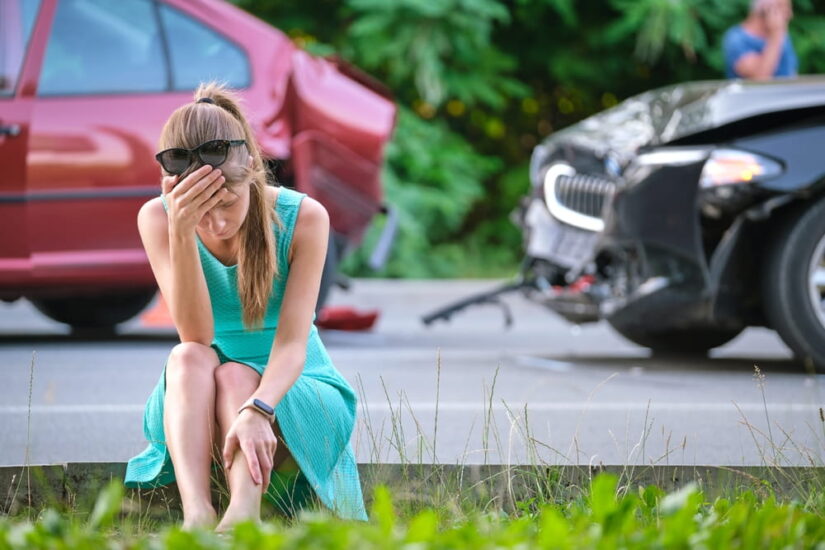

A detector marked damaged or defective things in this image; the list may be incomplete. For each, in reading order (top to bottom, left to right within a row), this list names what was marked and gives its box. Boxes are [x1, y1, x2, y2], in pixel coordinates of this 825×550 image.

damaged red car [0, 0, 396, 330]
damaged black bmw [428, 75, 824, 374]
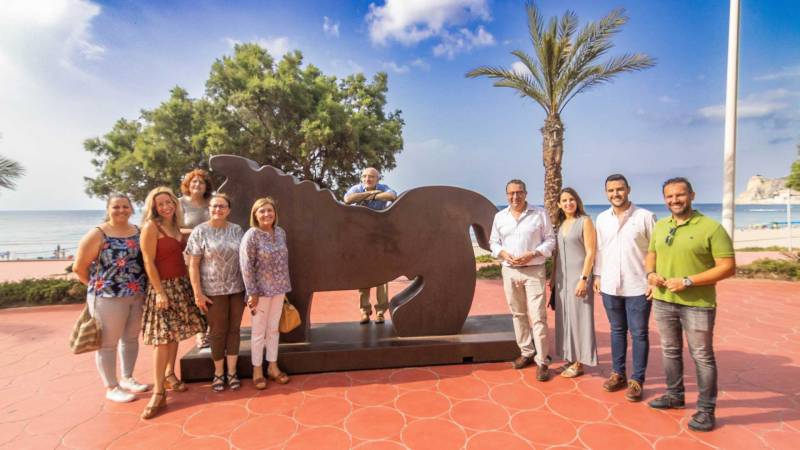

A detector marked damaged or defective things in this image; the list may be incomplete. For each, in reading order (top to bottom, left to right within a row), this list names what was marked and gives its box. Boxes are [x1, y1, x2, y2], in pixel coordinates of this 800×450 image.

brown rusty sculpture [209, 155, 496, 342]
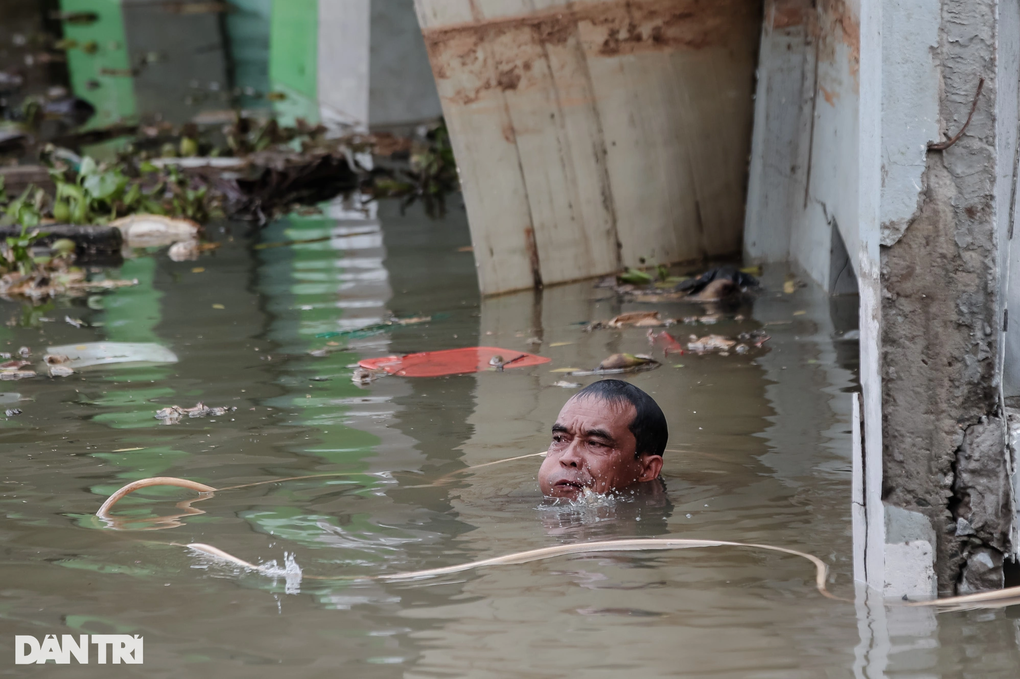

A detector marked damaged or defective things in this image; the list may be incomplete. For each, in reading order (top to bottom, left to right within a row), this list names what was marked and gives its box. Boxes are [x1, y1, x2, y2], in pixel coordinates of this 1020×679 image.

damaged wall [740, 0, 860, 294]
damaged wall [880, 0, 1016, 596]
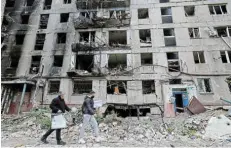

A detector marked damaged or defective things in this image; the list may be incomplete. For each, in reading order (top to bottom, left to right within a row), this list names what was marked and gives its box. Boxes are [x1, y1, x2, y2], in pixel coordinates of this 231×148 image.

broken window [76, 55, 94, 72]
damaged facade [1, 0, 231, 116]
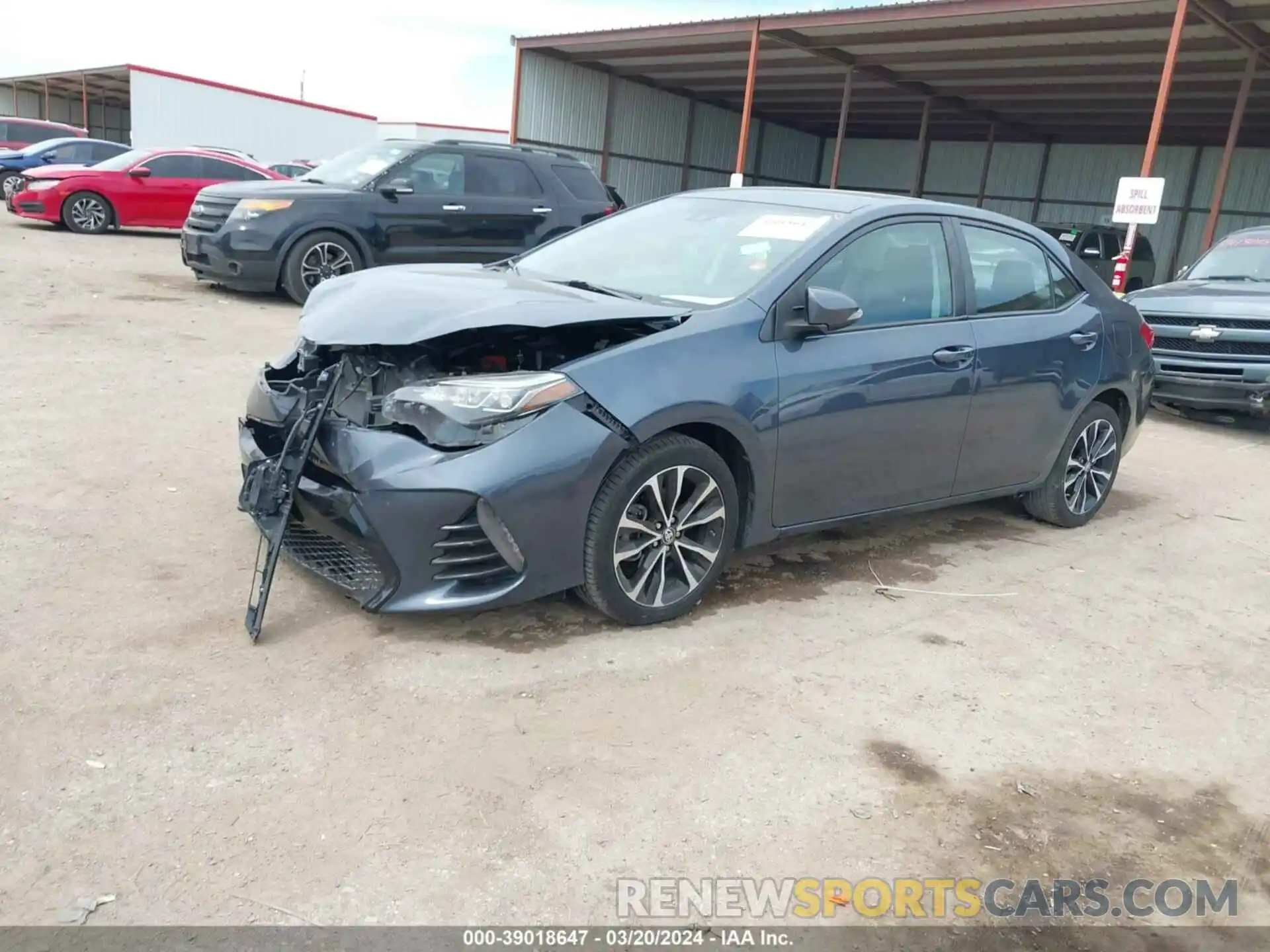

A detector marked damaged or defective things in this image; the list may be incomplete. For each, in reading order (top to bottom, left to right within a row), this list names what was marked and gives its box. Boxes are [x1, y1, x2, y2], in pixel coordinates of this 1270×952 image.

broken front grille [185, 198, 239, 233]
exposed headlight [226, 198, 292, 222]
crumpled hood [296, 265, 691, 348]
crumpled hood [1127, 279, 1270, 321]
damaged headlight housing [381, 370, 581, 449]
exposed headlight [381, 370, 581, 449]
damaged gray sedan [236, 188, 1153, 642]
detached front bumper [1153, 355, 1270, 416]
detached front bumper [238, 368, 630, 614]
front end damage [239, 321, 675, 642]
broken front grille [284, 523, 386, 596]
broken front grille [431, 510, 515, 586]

══════════════════════════════

**TASK REQUIREMENTS**
Once you find the line containing "this 1020×679 image.", retype it and every line after it through the last line of the records above, exactly. Add nothing else, and leave out the pictures.

**WRITTEN REPLY**
A detector marked damaged or defective things in this image; the list may be incomplete. For each, in reading order (top to bottom, left to right within a row), this list names what was marked and gives its box. Boxes are [x1, y1, x2, y2], in pixel coordinates of this 1020×679 image.

damaged wall [740, 0, 860, 294]
damaged wall [880, 0, 1016, 596]

A detector marked damaged or defective things in this image; the list may be incomplete. For each, in reading order (top to bottom, left to right within a row), this list names what was marked and gives its box. Boxes are [x1, y1, x2, y2], in pixel coordinates of this 231×148 image.

broken window [76, 55, 94, 72]
damaged facade [1, 0, 231, 116]

A detector marked damaged or defective things in this image; the list may be incomplete. For each, in reading order (top to bottom, left to right within a row), this list names what was marked and gives its box. Boxes are [x1, y1, x2, y2], in pixel coordinates of this 1270×952 image.

broken front grille [185, 198, 239, 233]
exposed headlight [226, 198, 292, 222]
crumpled hood [296, 265, 691, 348]
crumpled hood [1127, 279, 1270, 321]
damaged headlight housing [381, 370, 581, 449]
exposed headlight [381, 370, 581, 449]
damaged gray sedan [236, 188, 1153, 642]
detached front bumper [1153, 355, 1270, 416]
detached front bumper [238, 368, 630, 614]
front end damage [239, 321, 675, 642]
broken front grille [284, 523, 386, 596]
broken front grille [431, 510, 515, 586]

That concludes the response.